There are two more tasks that the repository should support:
- managing the dependencies between the objects (e.g. a transformation using certain stored procedures who, in turn, use certain tables), and
- the release management of those (SQL or higher-level) artifacts, e.g. to allow them being developed and tested in one system w/o jeopardising the production system.
- Finally, there are certain recurring patterns of SQL: things that you need to do over and over again. Examples are tracking incoming data (e.g. via something like the data request in BW), how to derive data changes (like in a DSO), how to store hierarchies etc. Such “patterns” basically translate into higher-level (abstract) artifacts that are created and maintained at the abstraction level to then be translated into a series of SQL statements.
The HANA DW will support this process in the following way; figure 1 below visualises this:
- The HANA DB provides all the SQL functionality you need.
- The HANA platform will provide the development infrastructure, especially to support a repository and related services.
- Tooling on top will create either direct HANA SQL* or higher-level artifacts that translate into HANA SQL*.
- Those tools will keep their artifacts in the HANA repository, allowing to support the complete lifecycle incl. auditing, versioning, dependency analysis (especially also between artifacts maintained by different tools).
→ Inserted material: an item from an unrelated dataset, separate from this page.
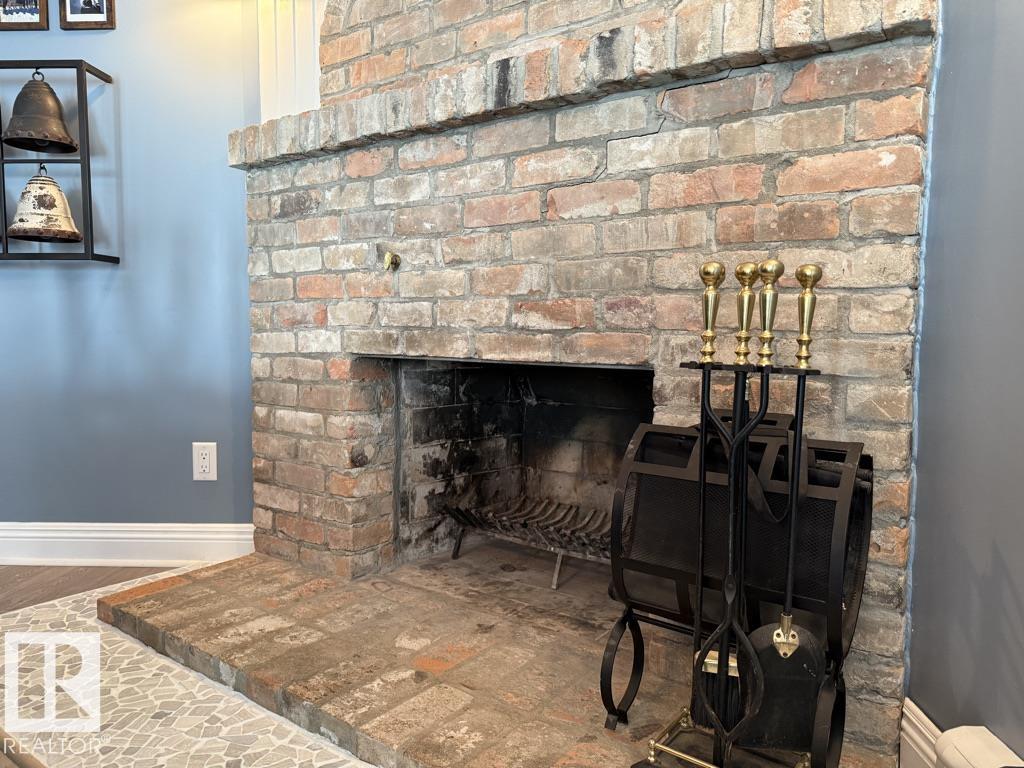 Photo 20 at 13 Grandview Crescent, Grandview Heights, Rural Sturgeon County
- Tools constitute optional added value that you can use but that you don’t have to use. Consider BW-on-HANA as such a tool too.
It is planned to bring the currently existing SAP products related to data warehousing into this HANA DW setup. This will allow SQL-based data warehousing (1.) enriched via higher-level / higher-purpose artifacts (2.). The second pillar in figure 2 describes that evolution. The third pillar indicates that tooling will evolve, potentially into a series of apps or services that can also manage a cloud-based DW.
The Role of BW-on-HANA.
From the above, it should have become obvious that BW-on-HANA will form an important, but optional part of the HANA DW. If it is convenient for the purpose of the DW, then it should be used or added to a HANA DW. Another potential scenario is that an existing BW-on-HANA will gradually evolve into a HANA DW as it is complemented with other tooling in the fashion described above. The border line will be blurry. In any case, BW-on-HANA will extend and enhance its existing functionality enabling more and more direct SQL access + options and leveraging / interacting with the HANA repository. A stand-alone BW-on-HANA system, as it exists today, can be considered as a special instance of a HANA DW. It will continue to exist, evolve, excel. Anyone investing into BW-on-HANA today is on a safe track.
The Role of HANA Vora and Hadoop: the HANA Big DW.
Many customers are looking at ways to complement existing data warehouses with Hadoop. HANA Vora will play a pivotal role in combining the HANA and Hadoop platforms. Therefore, HANA Vora will allow to extend the HANA DW into a HANA Big DW (current working title). We will elaborate on that at a later stage.
* Please consider HANA SQL here as a placeholder comprising all sorts of more specialised languages and extensions like MDX, SQLscript, calc engine expressions etc.